# WHAT THE TASK REQUIRES
Nothing but the lines below between the line holding "Taza Bicolor Mug" and the line holding "RTAMO Gr5 Titan-Schraube", inclusive, should appear in the answer, each set down exactly.

Segment Start: TASK DATA

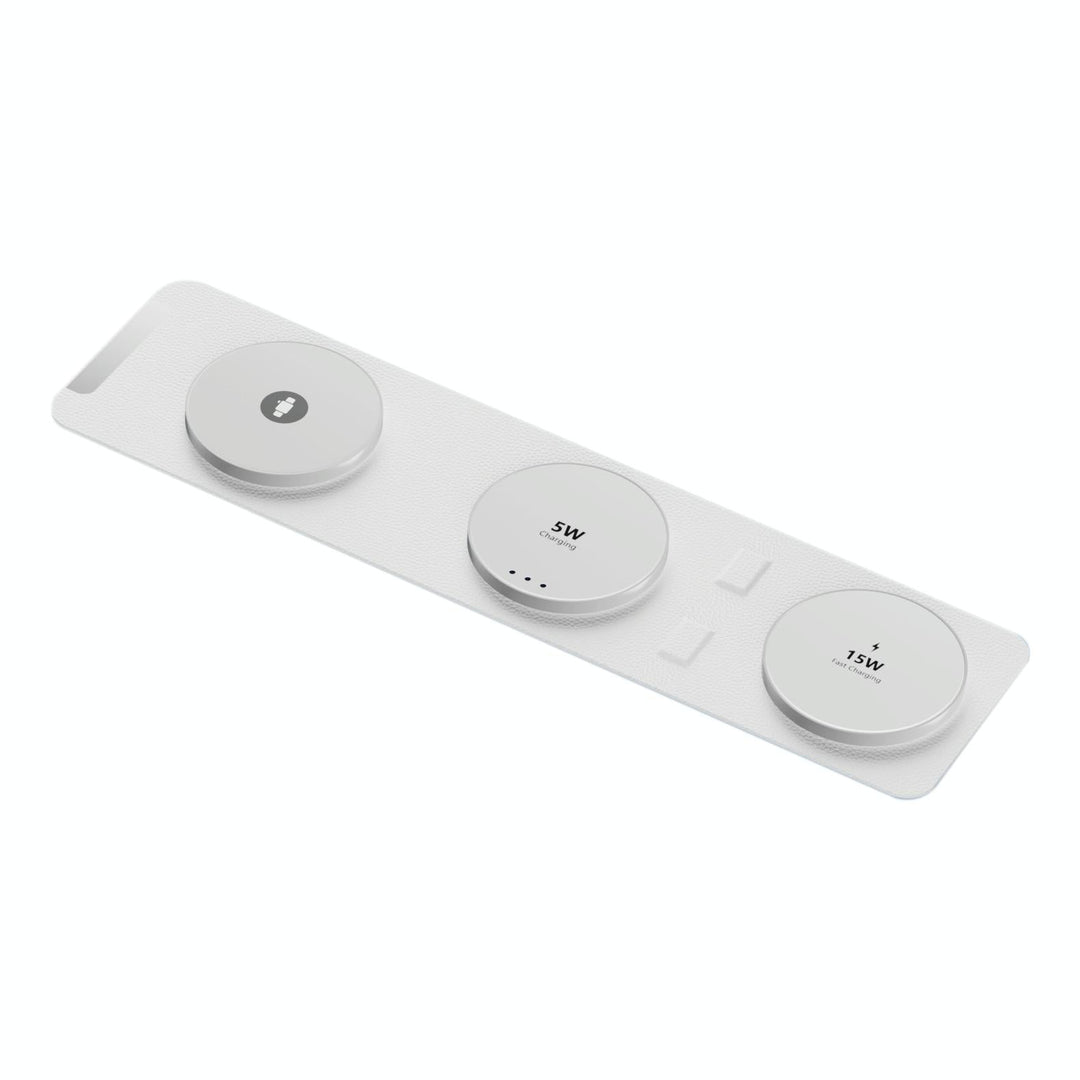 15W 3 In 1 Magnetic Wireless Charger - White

Segment End: TASK DATA
Segment Start: TASK DATA

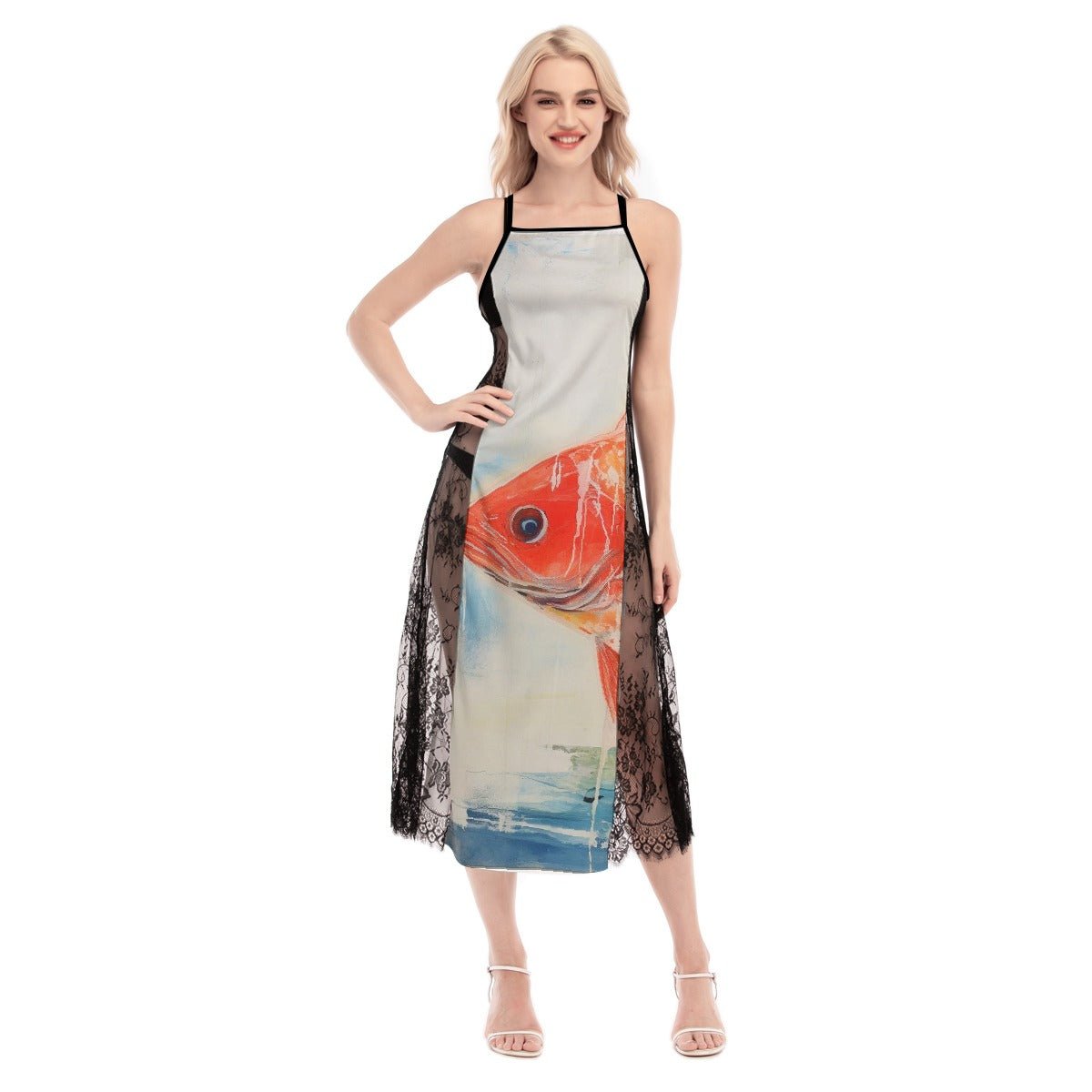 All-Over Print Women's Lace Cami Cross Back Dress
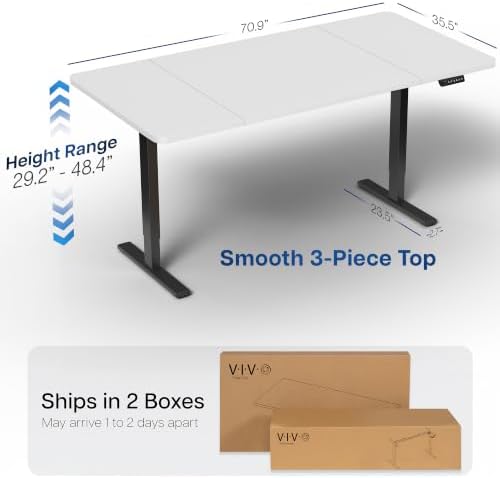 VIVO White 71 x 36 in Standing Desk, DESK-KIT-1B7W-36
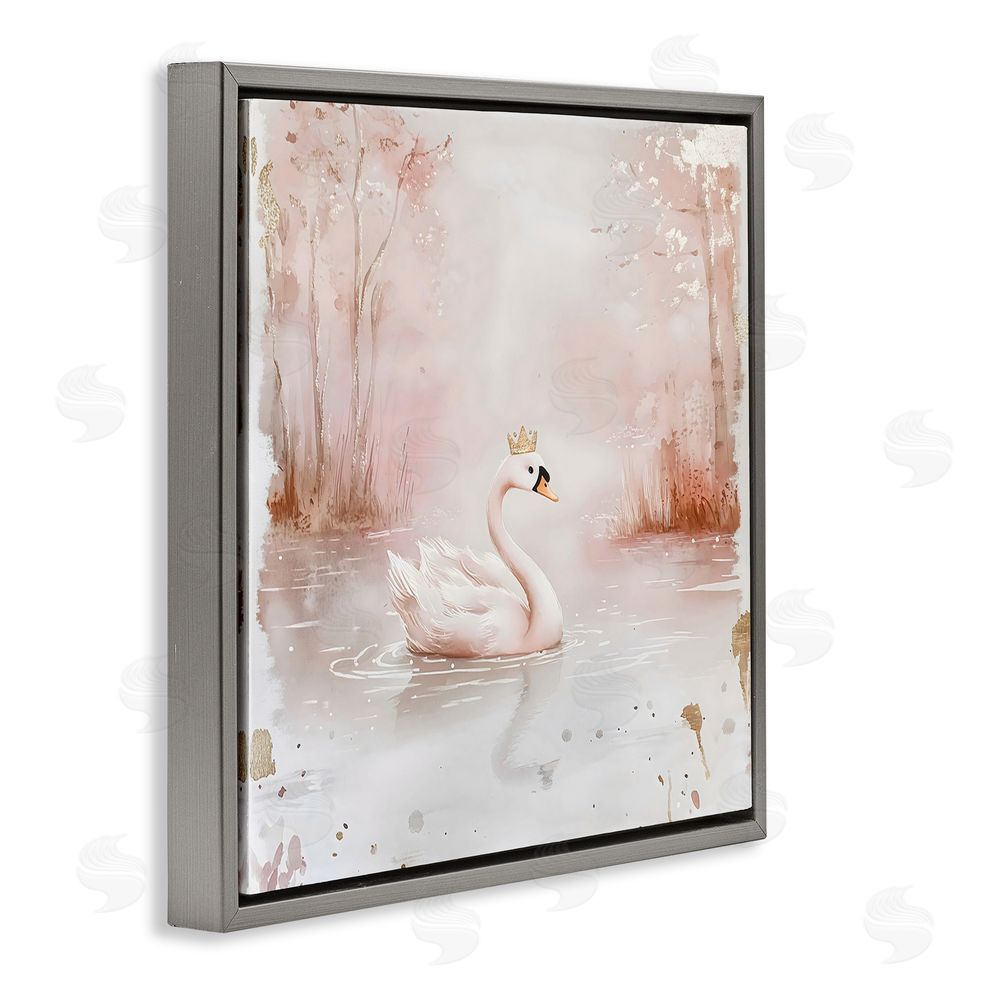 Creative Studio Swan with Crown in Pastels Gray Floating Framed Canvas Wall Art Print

Segment End: TASK DATA
Segment Start: TASK DATA

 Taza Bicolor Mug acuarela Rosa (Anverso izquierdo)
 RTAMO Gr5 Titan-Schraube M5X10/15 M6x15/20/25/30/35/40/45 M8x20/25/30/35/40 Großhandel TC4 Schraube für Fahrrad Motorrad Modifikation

Segment End: TASK DATA

# ANSWER AREA
 Taza Bicolor Mug acuarela Rosa (Anverso izquierdo)
 RTAMO Gr5 Titan-Schraube M5X10/15 M6x15/20/25/30/35/40/45 M8x20/25/30/35/40 Großhandel TC4 Schraube für Fahrrad Motorrad Modifikation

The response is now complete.